IOANNA DE STEFANO THEN IOANNA GEORGHIOU
DEMETRIADOU NEE CHARALAMBOUS,
Respondent.
(Matrimonial Petition No. 3/78).
Marriage—Civil marriage—Validity—Civil Marriage solemnized in Cyprus under the provisions of the Marriage Law, Cap. 279—No religious ceremony of marriage—Parties citizens of the Republic and domiciled in Cyprus—Husband a member of the Roman Catholic Church belonging to the latin community—Wife a member of the Greek Orthodox Church—Said marriage invalid as being inconsistent with provisions of Article 111.1 of the Constitution—Article 22(1) and (2)(a) of the Constitution and sections 34 and 36 of the Marriage Law, Cap. 279.
On December 3, 1968, the parties to this petition went through a ceremony of marriage at the District Office in Limassol under the provisions of the Marriage Law, Cap. 279. They were both citizens of the Republic and domiciled in Cyprus. The petitioner was a member of the Roman Catholic Church belonging to the Latin Community and the respondent a member of the Greek Orthodox Church. No religious ceremony of marriage was celebrated either in accordance with the rites and ceremonies of the Greek Orthodox Church or of the Roman Catholic Church.
Upon a petition for a declaration that the marriage between the parties was null and void as being contrary to the provisions of the. Constitution:
Held, that after the coming into operation of the Constitution a civil marriage between citizens of the Republic who are either members of the Greek Orthodox Church or of a religious group to which the provisions of Article 2.3 apply is not a valid marriage; that though sections 34 and 36 of the Marriage Law, Cap. 279 expressly provide that the provisions of the said law do not apply to any marriages in which either of the parties is a Turk professing the Moslem faith and to marriages the parties to which are both members of the Greek Orthodox Church, respectively, the provisions of that law have, after the coming into operation of the Constitution, to be construed and applied with such modifications as may be necessary to bring them into conformity with the Constitution; that, therefore, it would be inconsistent with the provisions of Article 111.1 of the Constitution to hold that the marriage between two citizens of the Republic one of whom is a Greek Orthodox and the other a Latin performed under the provisions of the Marriage Law is a valid marriage (see HadjiHanna v. HadjiHanna (1973) 1
C.L.R. 186); accordingly the marriage between the parties is not a valid marriage and is hereby declared null and void.

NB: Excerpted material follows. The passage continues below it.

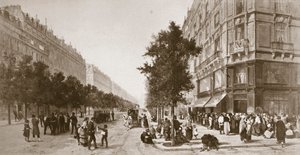 Jono ruokakaupan ulkopuolella, Pariisin piiritys, Ranskan ja Preussin sota, 1870-1871 tekijältä Unbekannt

Marriage declared null and void.
Cases referred to:
HadjiHanna v. HadjiHanna (1973) 1 C.L.R. 186.
Petition by the husband for a declaration that the civil cere-money of marriage performed between the parties at the District Officer's Office in Limassol is null and void.
St. Me Bride, for the petitioner.
Respondent absent. No appearance for her.
Cur. adv. vult.
L. LOIZOU J. read the following judgment. This is a husband's petition for a declaration that the marriage between the parties is null and void as being contrary to the provisions of the Constitution.
The respondent-wife entered an appearance to the petition but took no further part and the hearing of the petition proceeded undefended.
The petition, as originally filed, contained several prayers but on the application of the petitioner the issue relating to the nullity of the marriage was proceeded with first.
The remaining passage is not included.